After the post-mortem from the previous competition, we started by identifying the small problems that we had to fix before integrating the whole system. There were multiple issues being handled both from the hardware and the software perspectives.

First, the main chassis that will hold the microcontroller and other electrical components need to be design in such a way that all the component fits perfectly without the need of taping and gluing on the chassis itself. This wasn't the case for the previous iteration. Because of that, and the fact that we had a small team for this project, we had to spend a lot of time setting up a single blimp, which prevents us from achieving our goal of having multiple autonomous blimps in the air. The MAE members are actively working on 2 different design of the chassis the would be able to hold the component without the need of additional taping.

IMG_3008

Second, with our setup from the previous competition, we realized that the current DC motors that we are using is not enough to give the minimal mobility needed for the blimp to navigate around the field. In order to solve this problem, there's 2 possible approach: design the blimp so that it weighs less so that the current motor can move the blimp faster, or use a brushless motor, which will give the blimp more thrust. We decided to do the latter and is currently waiting for the materials to arrive so that we can replace the previous motors.

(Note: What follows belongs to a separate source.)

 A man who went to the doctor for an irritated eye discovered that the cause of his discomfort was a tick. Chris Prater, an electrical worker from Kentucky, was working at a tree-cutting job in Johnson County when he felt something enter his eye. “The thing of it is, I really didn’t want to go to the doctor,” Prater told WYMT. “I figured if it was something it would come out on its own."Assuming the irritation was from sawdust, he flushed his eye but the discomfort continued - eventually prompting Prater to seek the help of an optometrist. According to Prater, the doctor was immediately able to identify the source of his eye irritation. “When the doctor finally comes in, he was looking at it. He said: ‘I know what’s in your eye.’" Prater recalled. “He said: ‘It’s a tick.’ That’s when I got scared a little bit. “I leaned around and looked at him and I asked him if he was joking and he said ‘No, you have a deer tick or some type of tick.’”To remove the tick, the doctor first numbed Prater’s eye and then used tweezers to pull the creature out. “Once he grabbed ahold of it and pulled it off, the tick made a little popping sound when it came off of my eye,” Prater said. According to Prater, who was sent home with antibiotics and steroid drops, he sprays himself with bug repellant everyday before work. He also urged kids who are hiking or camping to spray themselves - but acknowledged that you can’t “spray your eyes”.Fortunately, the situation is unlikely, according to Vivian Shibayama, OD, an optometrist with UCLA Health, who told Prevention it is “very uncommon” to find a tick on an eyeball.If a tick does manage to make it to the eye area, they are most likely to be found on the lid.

Third, the current architecture in which the blimp sends image back to a laptop, which then would process the image, is not our best solution. 2/3 teams that qualified during the November competition utilizes onboard visual processing to capture the green balloon. Because of that, this will be our approach. Initial color processing has been implemented where the ESP-EYE takes real life frames from the camera and assign RGB values to it and print out the results. The end goal here is for the camera to be able to do 4 things:

1. Identify the green balloon and provide the (x, y, size) information
2. Identify the apriltags and provide the 6 DOF information
3. Identify the goal (shape or color)
4. Send images for manual streaming

Finally, we will be changing our approach for the green balloon catching algorithm. Instead of going forward and try to capture it, we want to place the basket below and try to catch the green balloon by descending onto it. Preliminary codes have been written and now we are waiting for the visual detection results.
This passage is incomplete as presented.